▸ YOUR OBJECTIVE
Your copy should hold only the lines from the one with "[Aura ]New CLOVER" to the one with "Ele Ladies Home", both included, each exactly as it stands below, with no pictures.

EXTRACTED ENTRIES below:

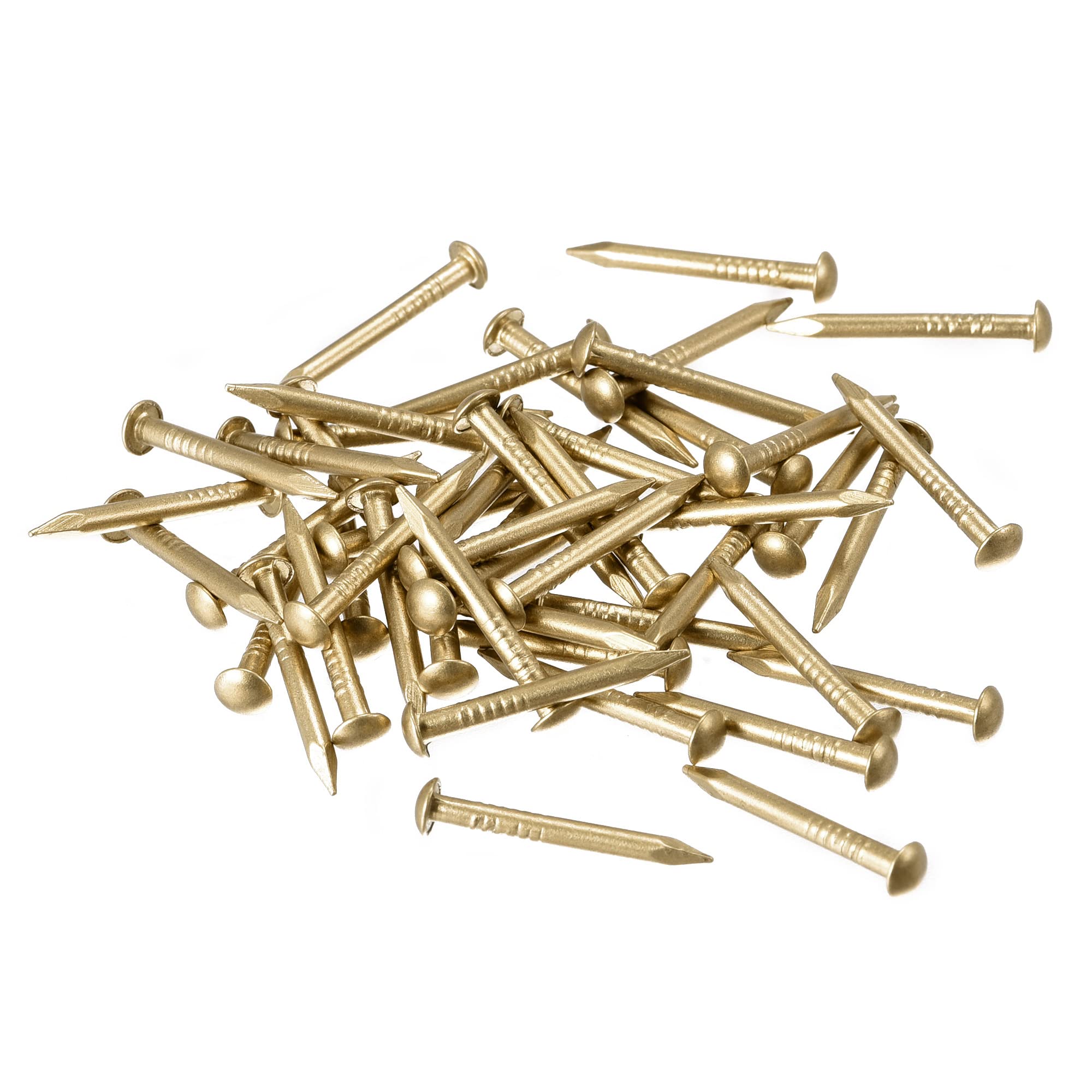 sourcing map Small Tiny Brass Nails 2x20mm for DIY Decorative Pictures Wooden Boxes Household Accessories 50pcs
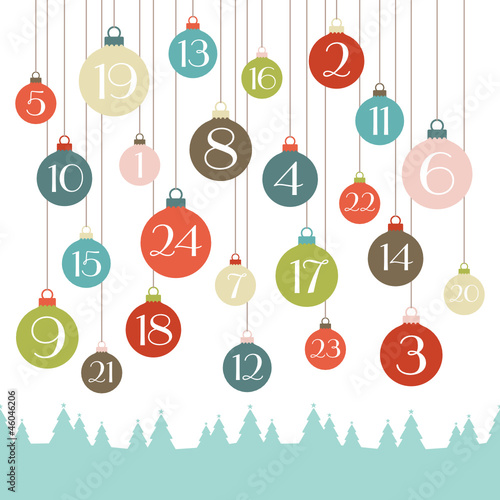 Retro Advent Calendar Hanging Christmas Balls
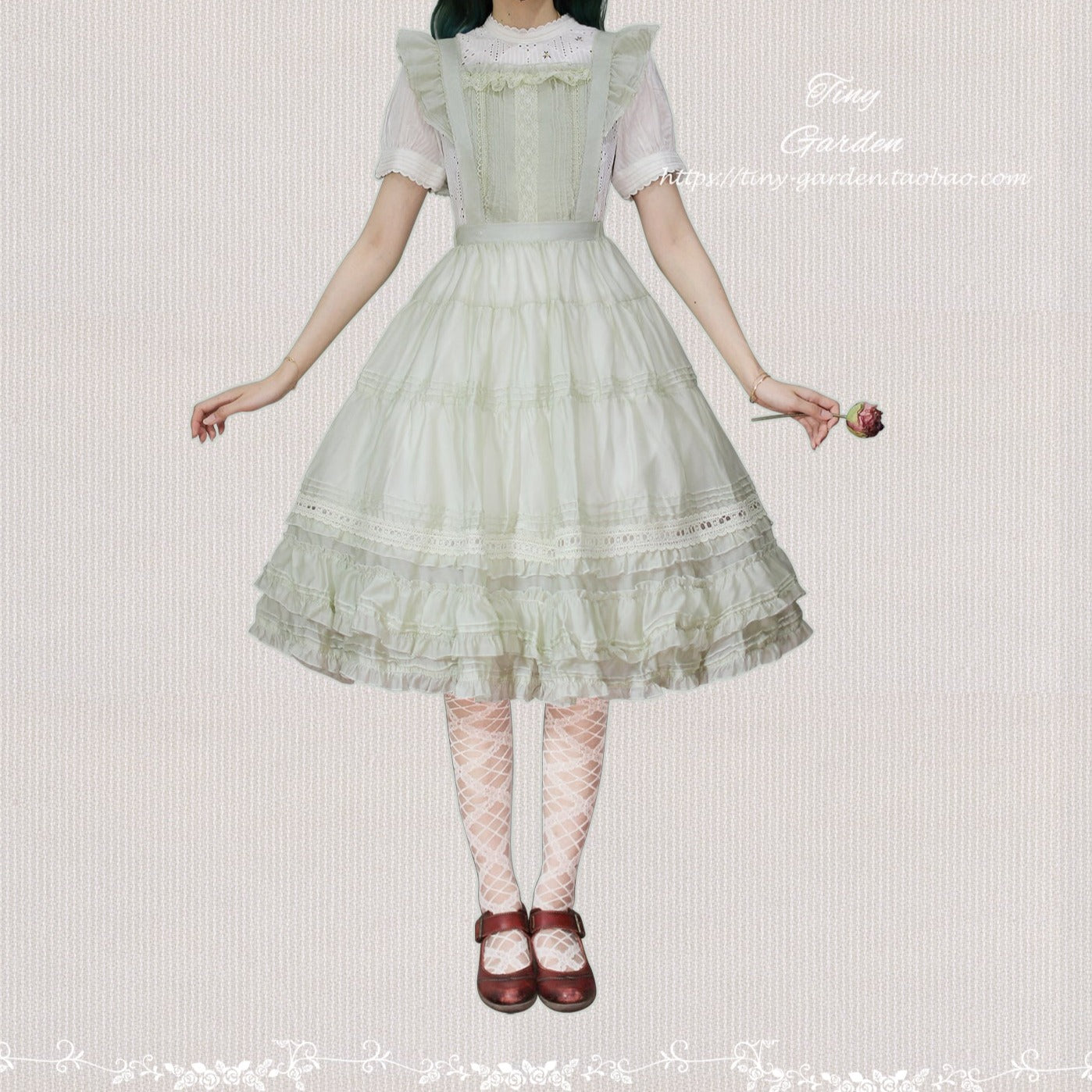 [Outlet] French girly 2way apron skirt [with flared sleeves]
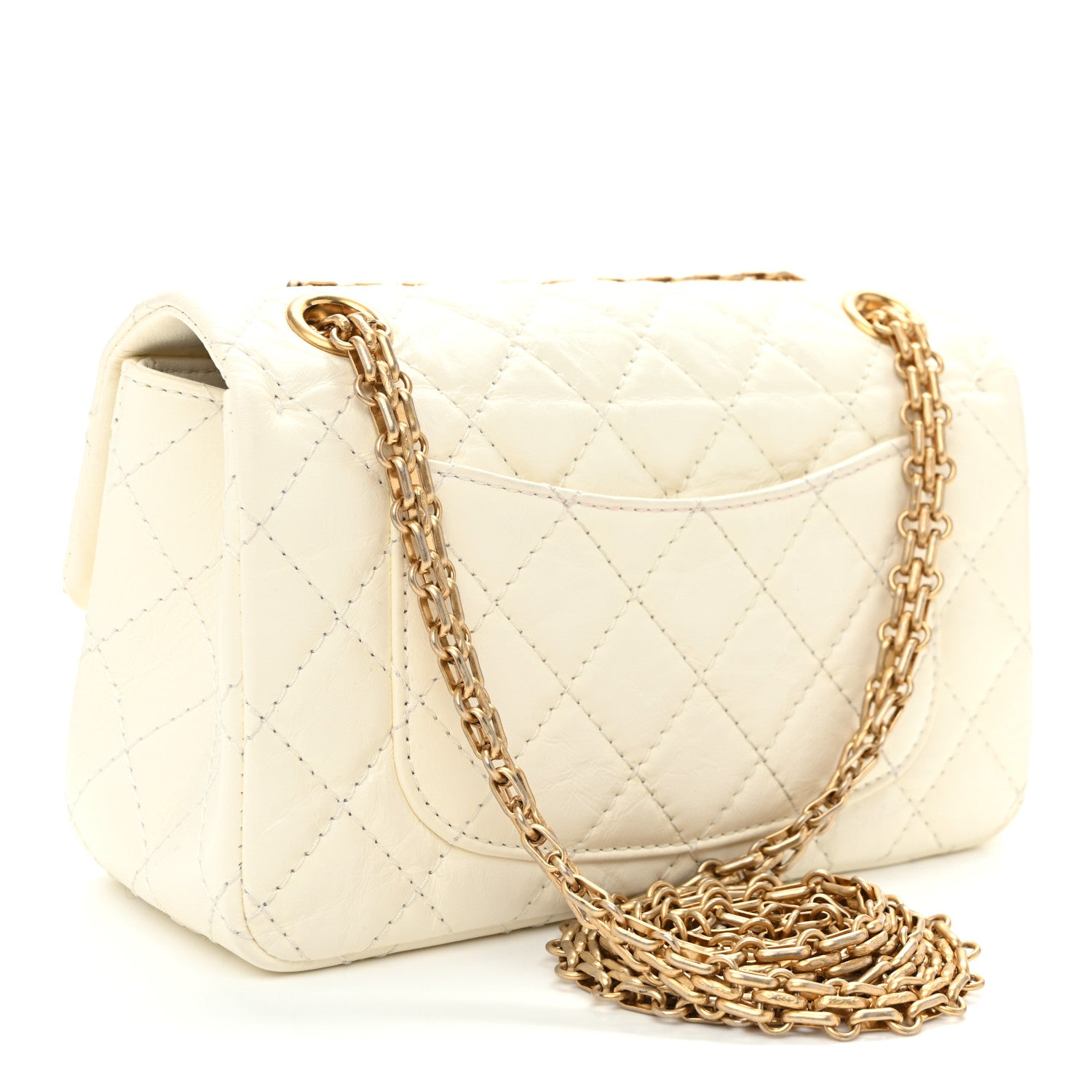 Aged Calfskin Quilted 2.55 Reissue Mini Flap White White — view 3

End of EXTRACTED ENTRIES.
EXTRACTED ENTRIES below:

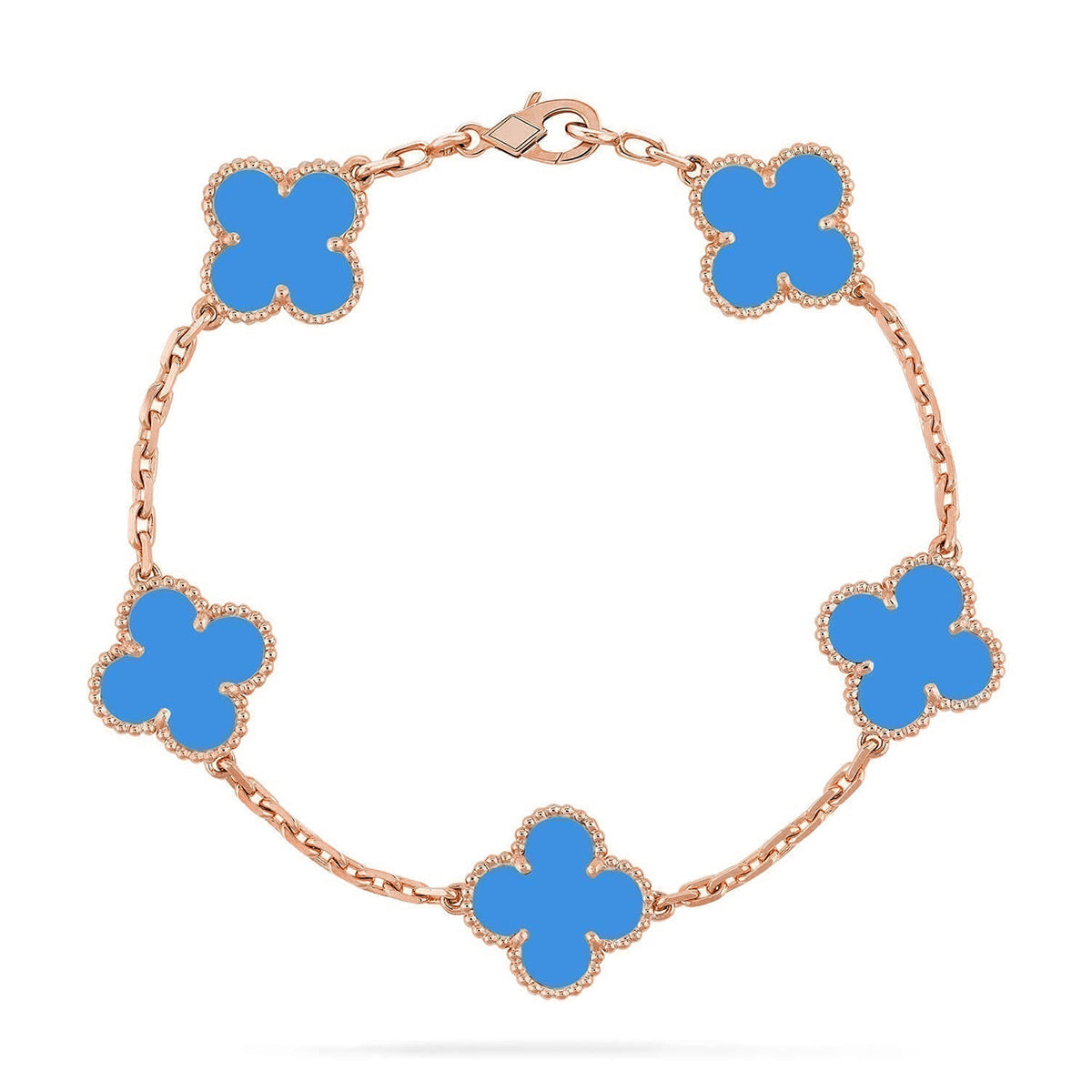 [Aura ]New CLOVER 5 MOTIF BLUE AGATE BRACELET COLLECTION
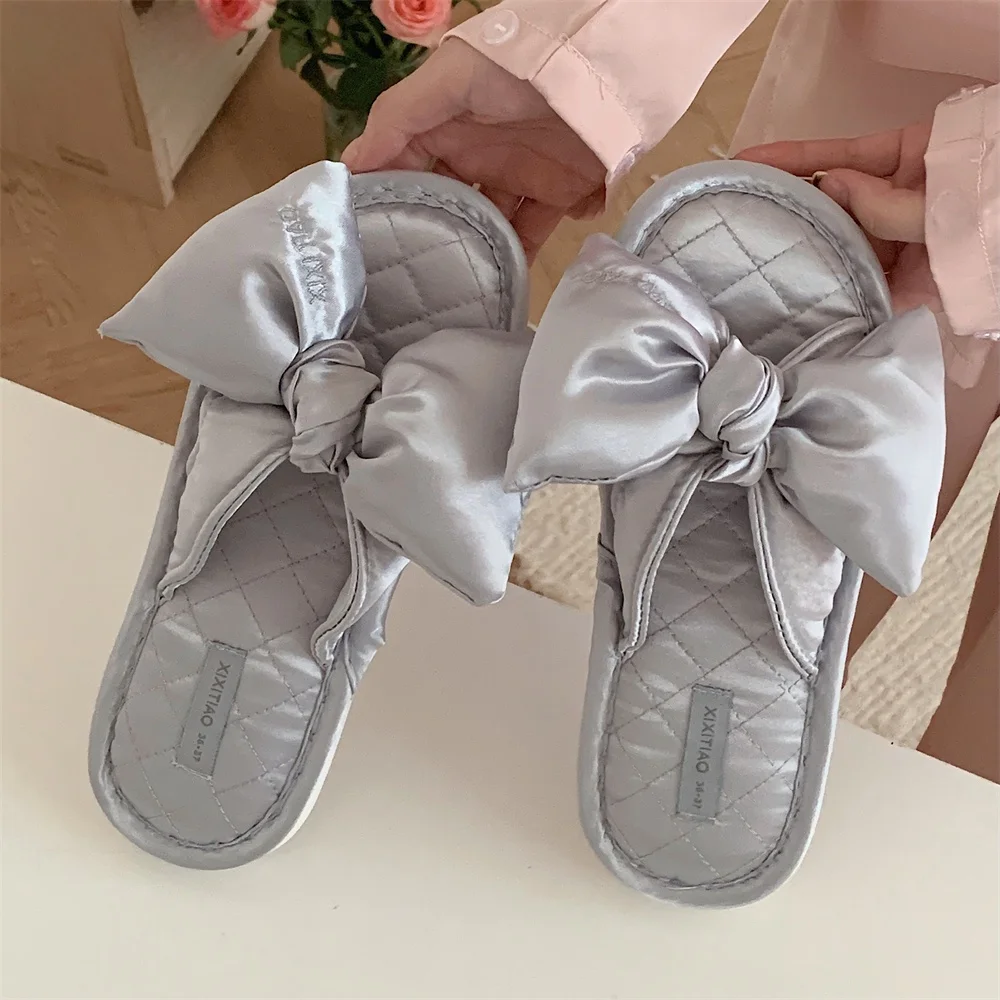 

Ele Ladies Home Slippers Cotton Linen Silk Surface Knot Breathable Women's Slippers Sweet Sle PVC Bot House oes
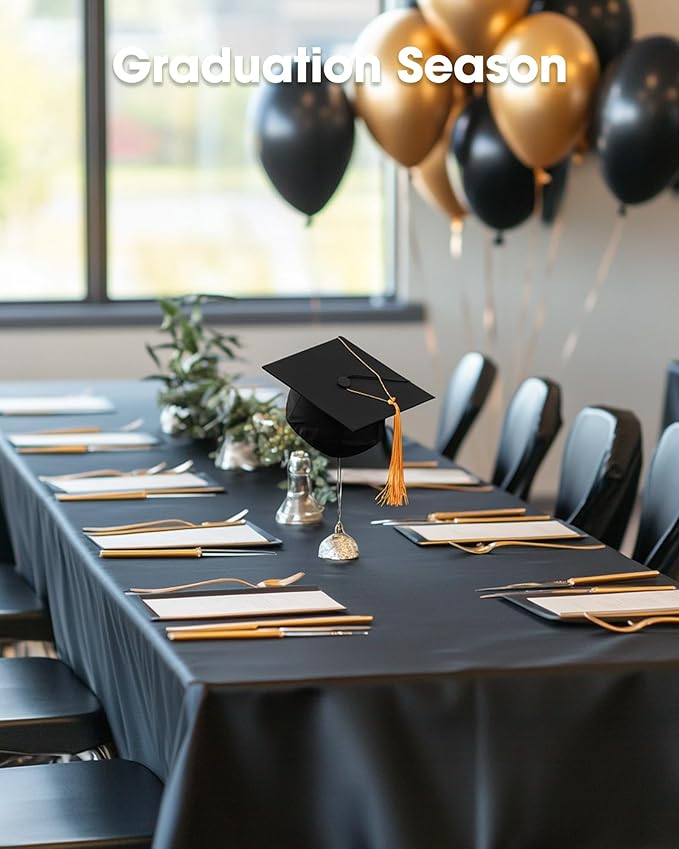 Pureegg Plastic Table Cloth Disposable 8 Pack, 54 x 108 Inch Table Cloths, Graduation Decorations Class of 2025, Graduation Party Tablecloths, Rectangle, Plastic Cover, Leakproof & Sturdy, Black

End of EXTRACTED ENTRIES.

▸ ANSWER SECTION
 [Aura ]New CLOVER 5 MOTIF BLUE AGATE BRACELET COLLECTION

Ele Ladies Home Slippers Cotton Linen Silk Surface Knot Breathable Women's Slippers Sweet Sle PVC Bot House oes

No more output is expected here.